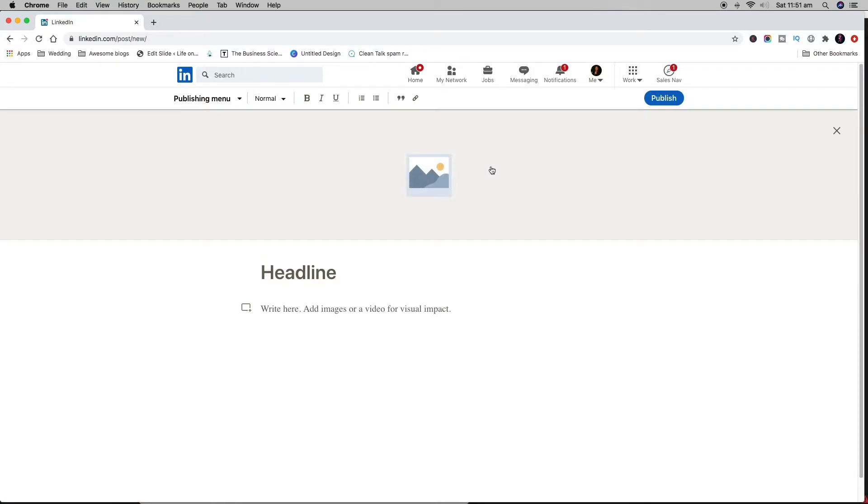Now this is just to write a normal article, but if you have access to create a newsletter, essentially what you're going to be doing is creating your first article, and when you publish it, it's actually going to give you an option.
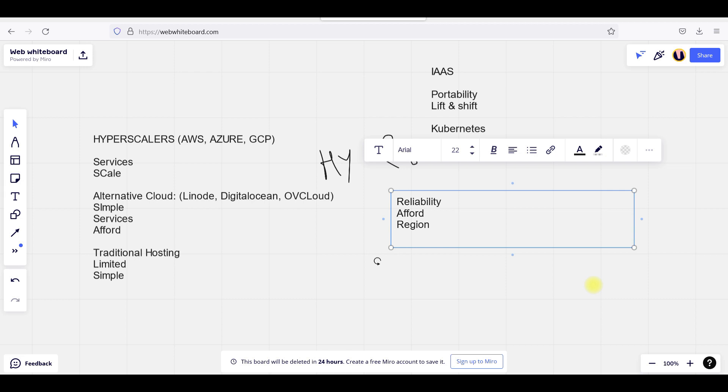So availability, affordability, region level, and also simplicity are the key factors. It is very simple to deploy. Whenever I am going into AWS, I might see a lot of services. But when going to DigitalOcean, OVH, or Linode, it is very easy for me to choose whatever I wanted.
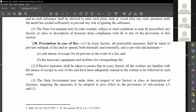The necessary equipment and facilities for fire safety include fire extinguishers and supplemental systems. Depending upon the area, the number of fire extinguishers to be used should be determined. Effective measures shall be taken to ensure everyone is aware of the means of escape and has been adequately trained in the routine to follow in such cases.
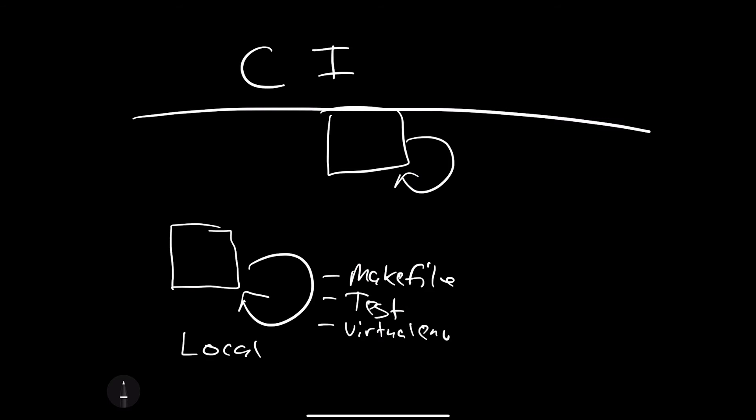So you could say make test, for example, and this would ensure that you've got a checkmark here. You've got it working locally.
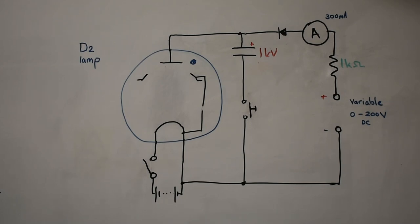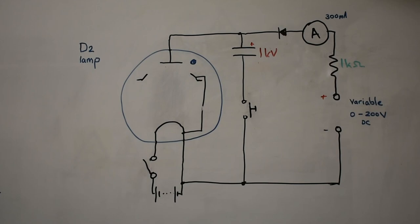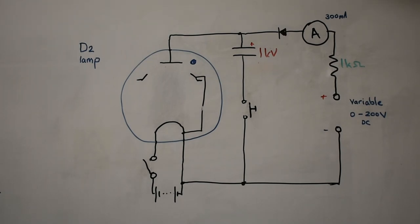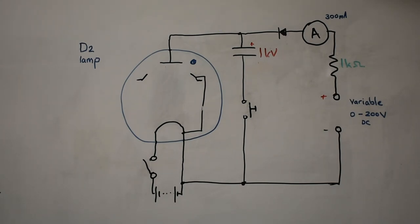We have a heated cathode here running on a low voltage supply and a slightly higher voltage supply here for the plate voltage which is variable between 0 and 200 volts. It generally runs around about 100 volts and we need a starting voltage as well to initiate the arc, which is normally about 800 volts but we've got a capacitor start here.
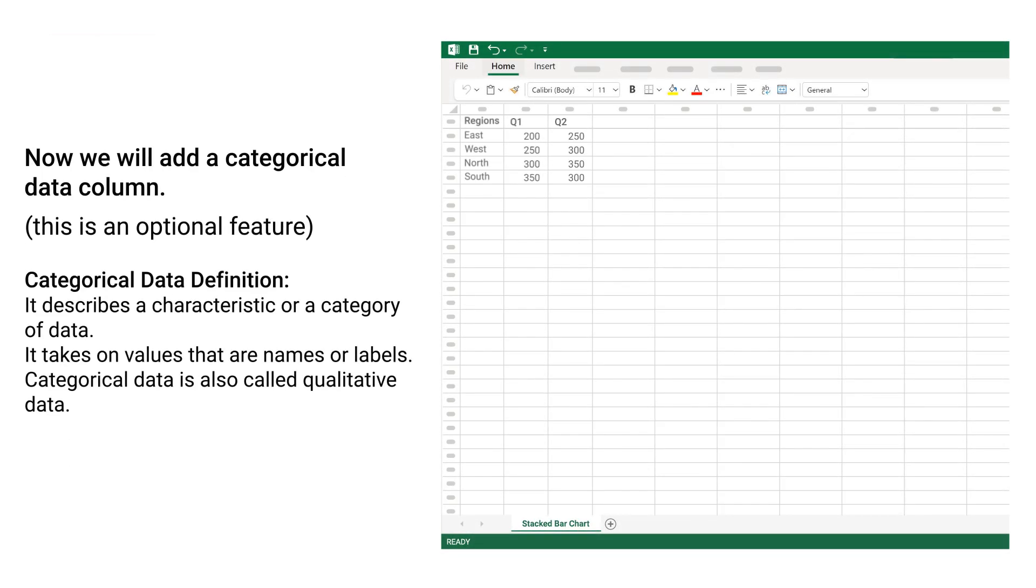Now we will add a categorical data column. This is an optional feature.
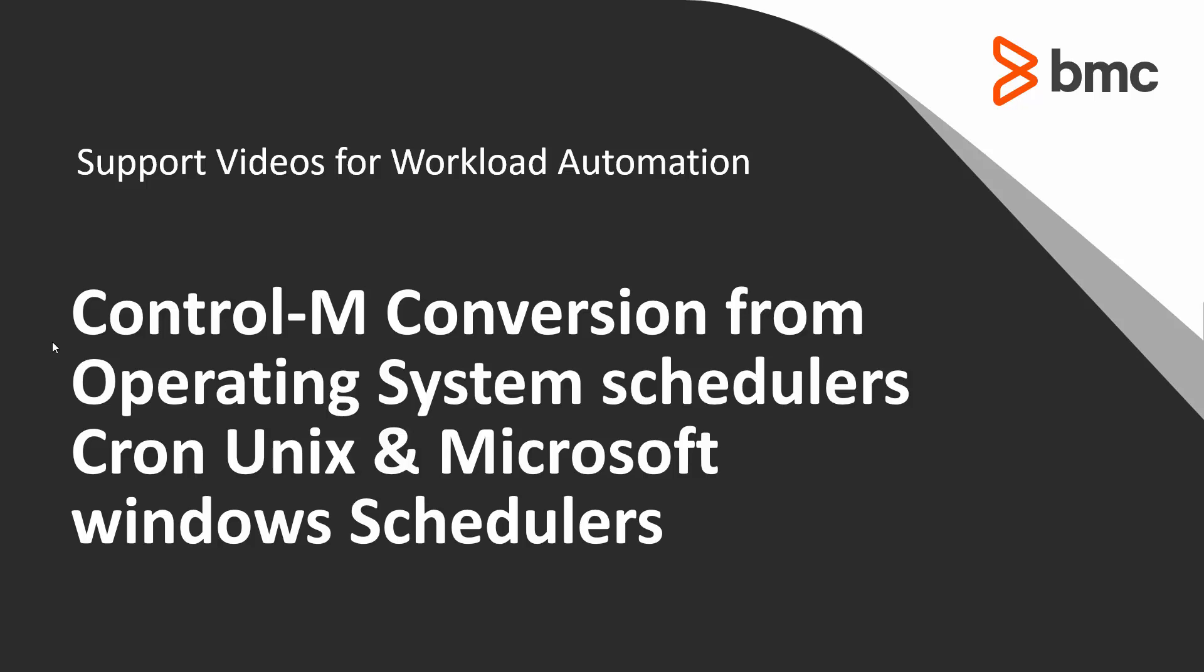This video will demonstrate how to use the Ctrl-M conversion tool for discovery and conversion tasks from Cron and Windows MS Scheduler to Ctrl-M.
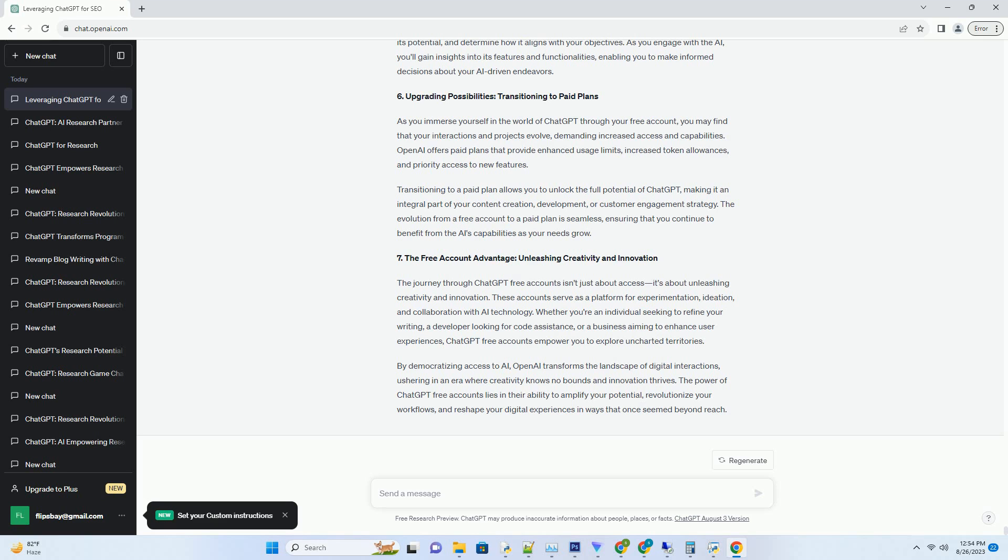Despite these limitations, ChatGPT-free accounts remain a valuable resource for experimentation and exploration. They allow you to gauge the AI's capabilities, understand its potential, and determine how it aligns with your objectives. As you engage with the AI, you'll gain insights into its features and functionalities, enabling you to make informed decisions about your AI-driven endeavors.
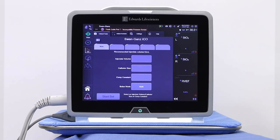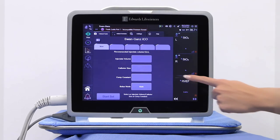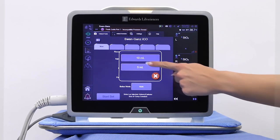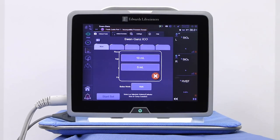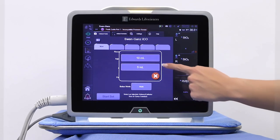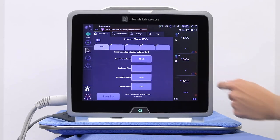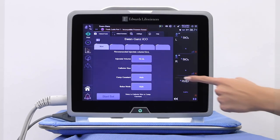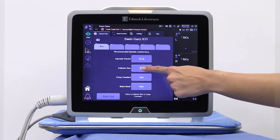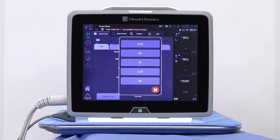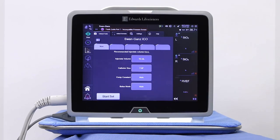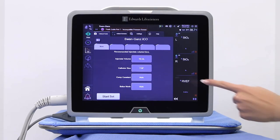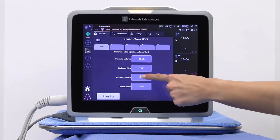Specify the desired injectate volume from the list of values provided. Once a value is selected, the computation constant is automatically set. Select a catheter size from the available list. Choosing a value here also sets the computation constant.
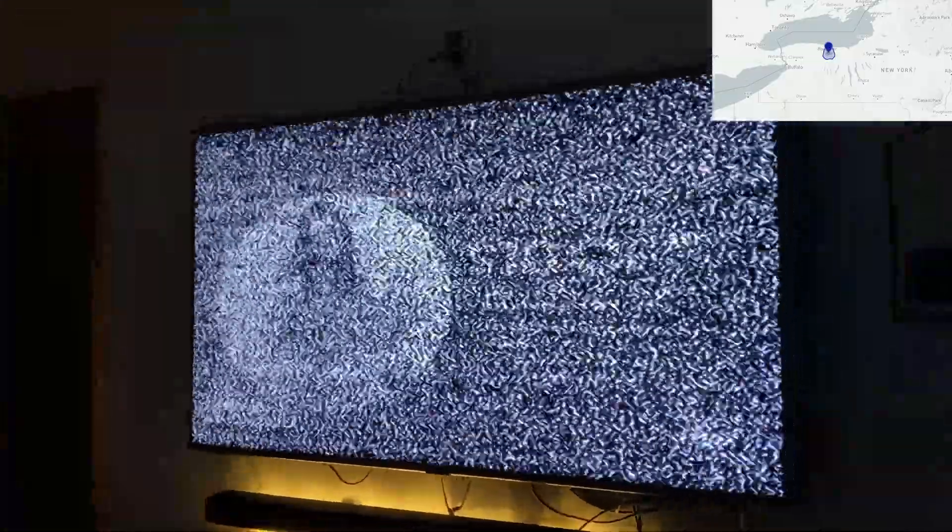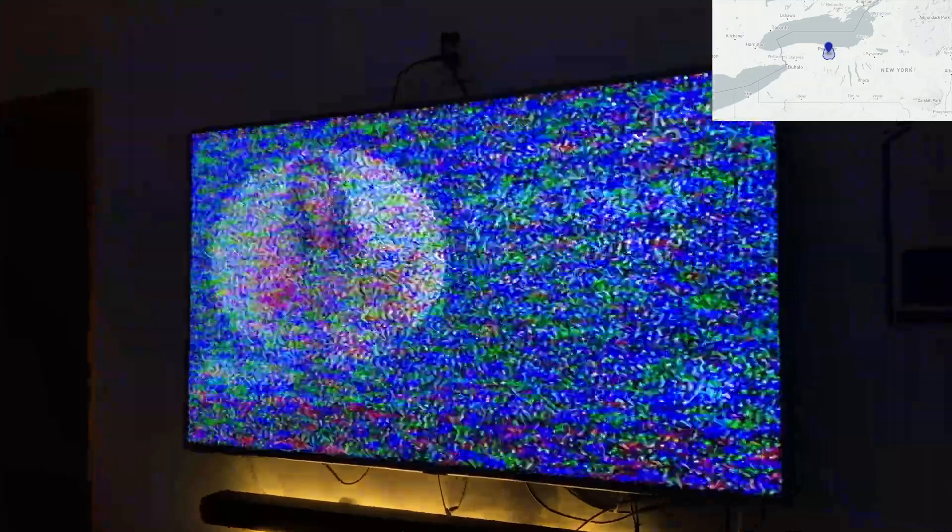To think that all analog TV stations in America have to be off the air by July 13th, it's crazy.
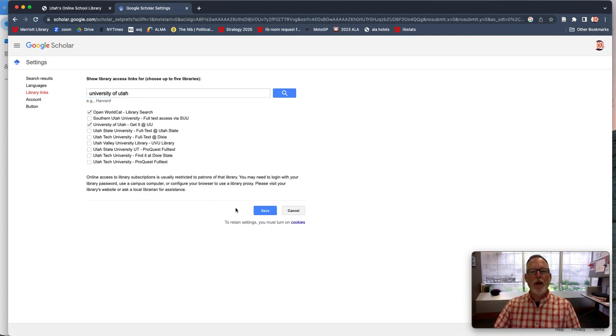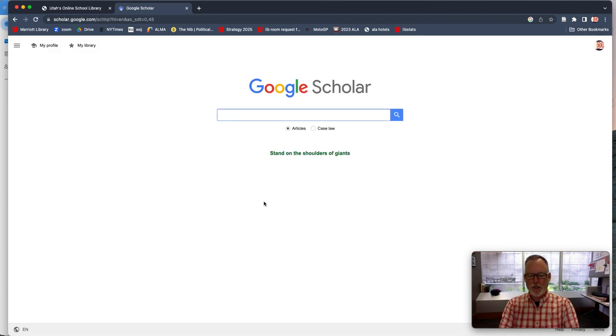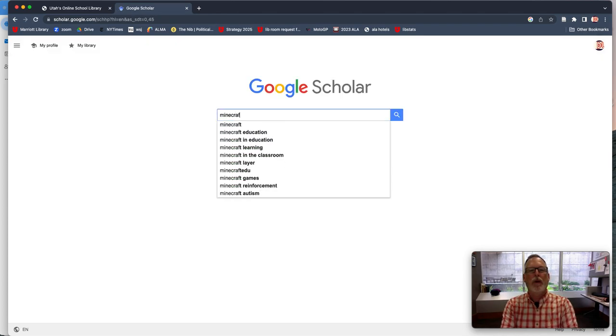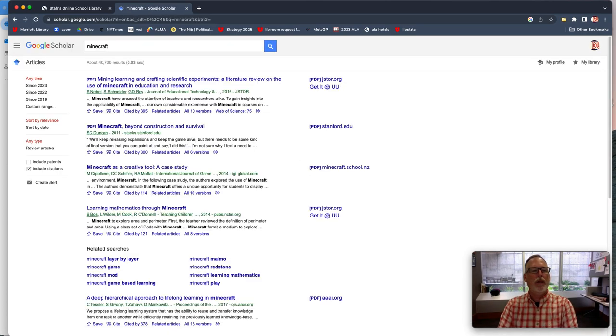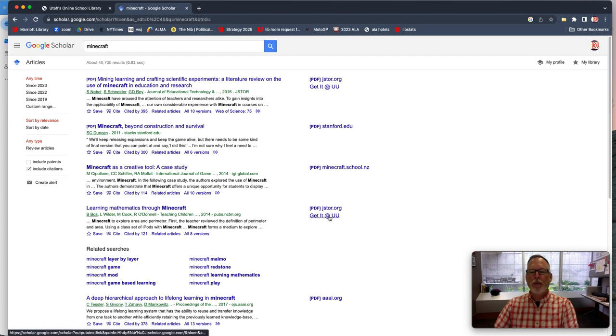University of Utah. Then every time you search for anything, you're more likely to find those things — like 'Get it at the University of Utah.'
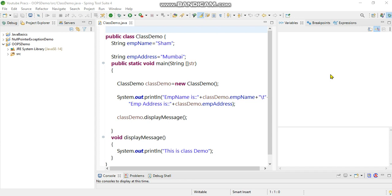Hi friends, welcome to hashtag me. Today in this video we will learn how to enable or disable line numbers in the editor for a Java program. As you can see on the screen, there is a Java class. For tracking or debugging purposes, it becomes very useful, especially for long projects where line numbers are necessary.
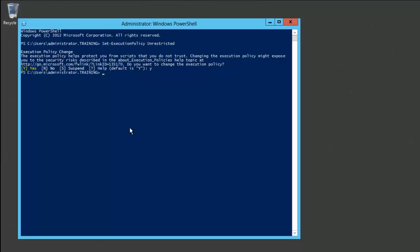Note that this setting can be set back later to Restricted in order to ensure a secure environment. Now, I'll run the command to add the AppV publishing server.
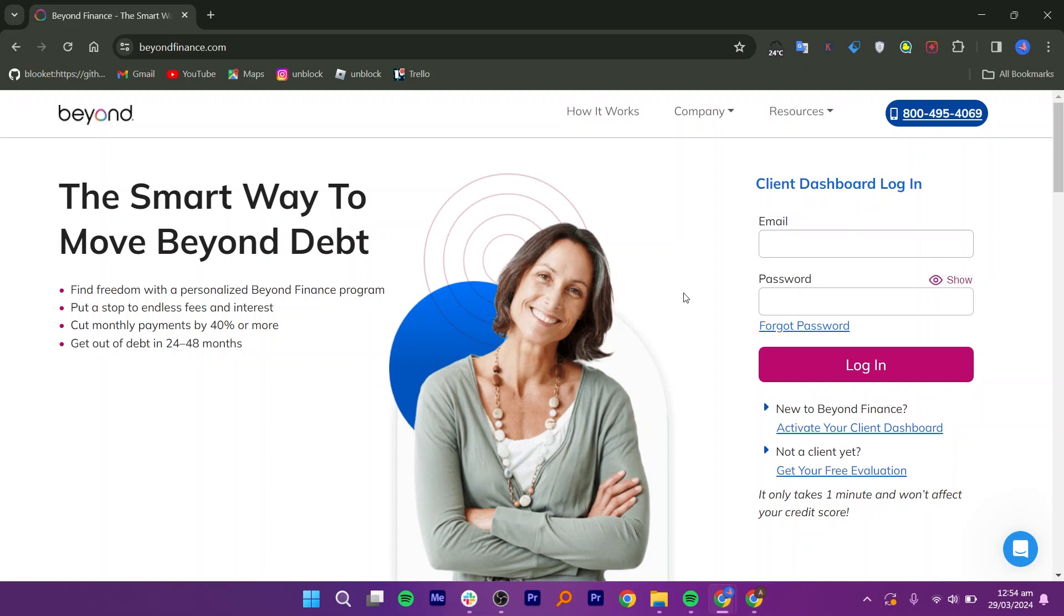You can get 24-7 access to your program, and it is very easy to use. Beyond Finance doesn't judge its customers by any of their debt. They also offer a guarantee on debt consolidation performance.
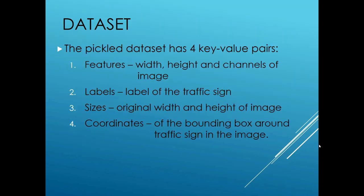The pickle data set has four key value pairs. The first is the features which gives the width, height and channels of the image. The second is the labels which gives the label of the traffic sign, such as stop for a stop sign and yield for the yield sign. The third is the sizes which gives the original width and height of the image. The fourth is coordinates which gives the bounding box around the traffic sign in the image.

WHAT THE TASK ASKS: Starting at the first line of the records and stopping after the line with "So you could", copy each line exactly; pictures stay out.

RESPONSE TO THE EXERCISE:
Now this is just to write a normal article, but if you have access to create a newsletter, essentially what you're going to be doing is creating your first article, and when you publish it, it's actually going to give you an option.
So availability, affordability, region level, and also simplicity are the key factors. It is very simple to deploy. Whenever I am going into AWS, I might see a lot of services. But when going to DigitalOcean, OVH, or Linode, it is very easy for me to choose whatever I wanted.
The necessary equipment and facilities for fire safety include fire extinguishers and supplemental systems. Depending upon the area, the number of fire extinguishers to be used should be determined. Effective measures shall be taken to ensure everyone is aware of the means of escape and has been adequately trained in the routine to follow in such cases.
So you could say make test, for example, and this would ensure that you've got a checkmark here. You've got it working locally.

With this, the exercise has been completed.